What is needed
Within the listing below, filter for "Wooden" and copy every matching line.

------ Dataset content ------

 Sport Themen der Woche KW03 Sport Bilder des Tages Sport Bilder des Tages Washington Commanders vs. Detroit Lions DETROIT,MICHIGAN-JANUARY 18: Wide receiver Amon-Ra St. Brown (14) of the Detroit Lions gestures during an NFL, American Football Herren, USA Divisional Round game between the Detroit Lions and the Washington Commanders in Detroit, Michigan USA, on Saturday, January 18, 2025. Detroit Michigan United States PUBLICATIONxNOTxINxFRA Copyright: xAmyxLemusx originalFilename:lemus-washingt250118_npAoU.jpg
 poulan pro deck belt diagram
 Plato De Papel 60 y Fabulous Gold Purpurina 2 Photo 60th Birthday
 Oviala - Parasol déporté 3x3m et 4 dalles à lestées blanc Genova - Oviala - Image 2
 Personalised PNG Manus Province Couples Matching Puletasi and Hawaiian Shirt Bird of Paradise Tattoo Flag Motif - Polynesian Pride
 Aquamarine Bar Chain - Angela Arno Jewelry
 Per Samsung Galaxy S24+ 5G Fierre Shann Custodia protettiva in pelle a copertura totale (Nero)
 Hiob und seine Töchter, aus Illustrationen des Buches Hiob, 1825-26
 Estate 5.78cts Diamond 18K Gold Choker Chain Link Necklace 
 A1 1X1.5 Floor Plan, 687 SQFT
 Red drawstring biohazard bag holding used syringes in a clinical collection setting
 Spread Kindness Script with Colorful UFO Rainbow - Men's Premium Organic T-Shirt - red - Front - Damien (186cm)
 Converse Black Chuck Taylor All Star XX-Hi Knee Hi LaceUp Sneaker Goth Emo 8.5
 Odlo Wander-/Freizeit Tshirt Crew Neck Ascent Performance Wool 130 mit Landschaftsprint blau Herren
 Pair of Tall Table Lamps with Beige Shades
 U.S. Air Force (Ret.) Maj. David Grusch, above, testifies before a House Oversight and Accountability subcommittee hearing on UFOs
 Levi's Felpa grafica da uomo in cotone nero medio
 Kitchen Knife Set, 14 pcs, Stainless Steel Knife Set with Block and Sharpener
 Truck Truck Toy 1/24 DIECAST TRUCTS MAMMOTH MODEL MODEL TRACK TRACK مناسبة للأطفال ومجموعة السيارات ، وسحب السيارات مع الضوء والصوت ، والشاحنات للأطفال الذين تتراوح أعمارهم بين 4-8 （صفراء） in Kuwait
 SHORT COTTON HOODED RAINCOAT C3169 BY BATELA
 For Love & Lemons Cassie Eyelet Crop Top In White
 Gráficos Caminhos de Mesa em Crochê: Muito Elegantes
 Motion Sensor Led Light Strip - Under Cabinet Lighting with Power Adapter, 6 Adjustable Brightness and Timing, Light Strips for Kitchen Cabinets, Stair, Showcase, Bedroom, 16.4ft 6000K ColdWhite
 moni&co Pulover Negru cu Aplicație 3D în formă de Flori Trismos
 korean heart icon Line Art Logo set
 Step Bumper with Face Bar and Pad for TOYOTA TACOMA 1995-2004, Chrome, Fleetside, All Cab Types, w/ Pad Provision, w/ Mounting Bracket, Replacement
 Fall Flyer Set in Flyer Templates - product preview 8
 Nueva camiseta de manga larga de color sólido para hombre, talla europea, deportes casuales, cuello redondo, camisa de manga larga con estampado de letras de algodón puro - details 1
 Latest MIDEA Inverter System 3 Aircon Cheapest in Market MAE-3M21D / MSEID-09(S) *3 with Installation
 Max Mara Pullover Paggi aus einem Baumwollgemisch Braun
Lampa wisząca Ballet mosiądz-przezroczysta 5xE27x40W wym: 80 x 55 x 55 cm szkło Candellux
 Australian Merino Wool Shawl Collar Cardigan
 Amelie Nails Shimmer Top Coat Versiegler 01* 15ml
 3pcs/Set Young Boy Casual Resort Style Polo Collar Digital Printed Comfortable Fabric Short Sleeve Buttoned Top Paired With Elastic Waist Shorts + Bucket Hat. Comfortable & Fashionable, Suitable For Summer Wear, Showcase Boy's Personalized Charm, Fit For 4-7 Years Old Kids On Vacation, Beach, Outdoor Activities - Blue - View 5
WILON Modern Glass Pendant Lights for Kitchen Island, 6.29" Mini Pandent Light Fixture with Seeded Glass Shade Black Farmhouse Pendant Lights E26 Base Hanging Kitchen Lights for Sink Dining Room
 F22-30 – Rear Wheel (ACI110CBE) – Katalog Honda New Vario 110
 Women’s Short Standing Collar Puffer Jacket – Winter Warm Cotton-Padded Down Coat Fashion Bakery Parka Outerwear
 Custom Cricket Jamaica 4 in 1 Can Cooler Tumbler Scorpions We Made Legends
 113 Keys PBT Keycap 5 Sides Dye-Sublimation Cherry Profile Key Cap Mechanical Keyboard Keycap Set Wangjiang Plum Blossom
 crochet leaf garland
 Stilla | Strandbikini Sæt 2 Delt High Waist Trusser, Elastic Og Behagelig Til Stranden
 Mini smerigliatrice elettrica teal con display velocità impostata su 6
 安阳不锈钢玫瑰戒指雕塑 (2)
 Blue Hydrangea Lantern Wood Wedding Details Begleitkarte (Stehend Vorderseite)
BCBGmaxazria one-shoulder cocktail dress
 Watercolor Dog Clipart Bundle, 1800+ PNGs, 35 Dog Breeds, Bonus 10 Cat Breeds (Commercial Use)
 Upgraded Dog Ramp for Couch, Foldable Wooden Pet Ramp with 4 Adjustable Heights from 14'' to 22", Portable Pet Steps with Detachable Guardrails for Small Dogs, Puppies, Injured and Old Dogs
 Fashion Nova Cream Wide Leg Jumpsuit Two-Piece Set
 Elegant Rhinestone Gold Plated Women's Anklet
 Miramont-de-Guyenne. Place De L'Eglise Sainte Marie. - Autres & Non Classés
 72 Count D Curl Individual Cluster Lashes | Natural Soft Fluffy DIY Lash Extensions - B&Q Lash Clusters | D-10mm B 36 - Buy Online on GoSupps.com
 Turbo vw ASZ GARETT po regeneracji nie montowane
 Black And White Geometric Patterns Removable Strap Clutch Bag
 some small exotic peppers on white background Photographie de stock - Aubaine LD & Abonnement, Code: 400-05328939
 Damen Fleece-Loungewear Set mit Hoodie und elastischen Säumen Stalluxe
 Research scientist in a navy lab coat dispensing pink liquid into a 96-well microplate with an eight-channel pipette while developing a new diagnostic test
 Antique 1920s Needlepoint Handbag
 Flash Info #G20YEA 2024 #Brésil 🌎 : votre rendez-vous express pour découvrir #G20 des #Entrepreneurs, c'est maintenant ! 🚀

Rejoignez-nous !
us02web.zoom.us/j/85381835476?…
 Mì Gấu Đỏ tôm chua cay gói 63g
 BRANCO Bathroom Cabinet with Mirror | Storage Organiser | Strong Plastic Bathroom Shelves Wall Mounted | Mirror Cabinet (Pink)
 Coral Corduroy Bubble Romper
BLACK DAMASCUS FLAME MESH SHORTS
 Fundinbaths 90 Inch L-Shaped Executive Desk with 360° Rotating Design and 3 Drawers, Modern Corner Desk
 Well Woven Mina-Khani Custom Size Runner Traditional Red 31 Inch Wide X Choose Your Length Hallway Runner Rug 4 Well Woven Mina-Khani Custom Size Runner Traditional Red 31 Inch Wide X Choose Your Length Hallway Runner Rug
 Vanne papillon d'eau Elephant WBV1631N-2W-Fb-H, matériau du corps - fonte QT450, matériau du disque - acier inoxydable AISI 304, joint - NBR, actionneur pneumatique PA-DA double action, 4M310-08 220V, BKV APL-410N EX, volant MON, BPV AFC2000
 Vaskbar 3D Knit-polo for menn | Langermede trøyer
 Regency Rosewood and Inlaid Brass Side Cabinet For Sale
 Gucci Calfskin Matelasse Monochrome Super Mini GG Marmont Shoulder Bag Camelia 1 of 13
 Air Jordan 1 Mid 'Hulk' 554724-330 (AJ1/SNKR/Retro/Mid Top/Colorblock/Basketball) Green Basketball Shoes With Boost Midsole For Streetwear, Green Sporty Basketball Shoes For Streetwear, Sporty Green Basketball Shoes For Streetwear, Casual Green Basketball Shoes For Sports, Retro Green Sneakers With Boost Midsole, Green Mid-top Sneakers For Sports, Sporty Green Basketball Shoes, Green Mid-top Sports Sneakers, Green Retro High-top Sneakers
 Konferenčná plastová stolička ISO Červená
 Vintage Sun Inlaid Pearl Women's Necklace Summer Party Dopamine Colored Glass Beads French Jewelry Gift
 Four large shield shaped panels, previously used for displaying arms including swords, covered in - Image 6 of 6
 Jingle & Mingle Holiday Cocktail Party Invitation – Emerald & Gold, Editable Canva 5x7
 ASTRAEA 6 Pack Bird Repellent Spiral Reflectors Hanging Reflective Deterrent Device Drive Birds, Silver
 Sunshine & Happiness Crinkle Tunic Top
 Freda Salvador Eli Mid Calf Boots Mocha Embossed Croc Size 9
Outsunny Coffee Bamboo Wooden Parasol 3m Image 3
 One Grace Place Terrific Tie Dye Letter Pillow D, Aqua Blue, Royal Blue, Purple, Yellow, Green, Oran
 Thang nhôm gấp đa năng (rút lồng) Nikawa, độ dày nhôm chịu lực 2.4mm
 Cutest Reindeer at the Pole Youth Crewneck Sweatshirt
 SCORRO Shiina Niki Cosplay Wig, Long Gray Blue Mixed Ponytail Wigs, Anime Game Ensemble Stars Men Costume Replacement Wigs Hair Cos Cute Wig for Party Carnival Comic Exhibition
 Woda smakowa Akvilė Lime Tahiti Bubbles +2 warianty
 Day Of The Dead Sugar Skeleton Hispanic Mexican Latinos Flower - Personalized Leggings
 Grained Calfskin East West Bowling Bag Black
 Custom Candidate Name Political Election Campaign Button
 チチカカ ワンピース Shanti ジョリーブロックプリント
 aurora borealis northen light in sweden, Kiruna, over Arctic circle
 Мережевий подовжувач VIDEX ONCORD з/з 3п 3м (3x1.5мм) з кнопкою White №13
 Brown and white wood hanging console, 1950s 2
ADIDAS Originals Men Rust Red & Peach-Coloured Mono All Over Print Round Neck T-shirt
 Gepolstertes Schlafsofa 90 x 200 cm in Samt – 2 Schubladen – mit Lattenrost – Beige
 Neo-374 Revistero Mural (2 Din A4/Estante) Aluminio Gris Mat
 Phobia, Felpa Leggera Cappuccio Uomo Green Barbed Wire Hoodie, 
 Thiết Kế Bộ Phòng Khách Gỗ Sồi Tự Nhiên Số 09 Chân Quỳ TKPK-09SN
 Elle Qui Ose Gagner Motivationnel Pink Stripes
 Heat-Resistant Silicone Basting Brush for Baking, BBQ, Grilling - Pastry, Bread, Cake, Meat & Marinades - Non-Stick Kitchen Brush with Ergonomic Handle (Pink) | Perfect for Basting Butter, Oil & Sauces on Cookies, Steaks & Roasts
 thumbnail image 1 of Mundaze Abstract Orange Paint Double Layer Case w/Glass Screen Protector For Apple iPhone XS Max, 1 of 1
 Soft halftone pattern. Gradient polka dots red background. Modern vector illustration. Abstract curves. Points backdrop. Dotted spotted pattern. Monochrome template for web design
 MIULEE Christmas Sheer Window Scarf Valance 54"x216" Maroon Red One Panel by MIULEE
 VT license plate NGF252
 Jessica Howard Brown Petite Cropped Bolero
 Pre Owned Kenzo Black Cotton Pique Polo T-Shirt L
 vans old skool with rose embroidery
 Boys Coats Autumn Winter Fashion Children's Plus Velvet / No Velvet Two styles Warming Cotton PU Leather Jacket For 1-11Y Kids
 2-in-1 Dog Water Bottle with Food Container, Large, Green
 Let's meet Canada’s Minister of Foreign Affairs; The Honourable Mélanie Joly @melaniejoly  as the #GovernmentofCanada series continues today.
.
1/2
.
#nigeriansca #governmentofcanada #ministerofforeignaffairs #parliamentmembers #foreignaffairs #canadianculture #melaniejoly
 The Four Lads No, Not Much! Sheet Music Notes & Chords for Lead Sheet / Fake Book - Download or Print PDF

------

Written response
 Upgraded Dog Ramp for Couch, Foldable Wooden Pet Ramp with 4 Adjustable Heights from 14'' to 22", Portable Pet Steps with Detachable Guardrails for Small Dogs, Puppies, Injured and Old Dogs
Outsunny Coffee Bamboo Wooden Parasol 3m Image 3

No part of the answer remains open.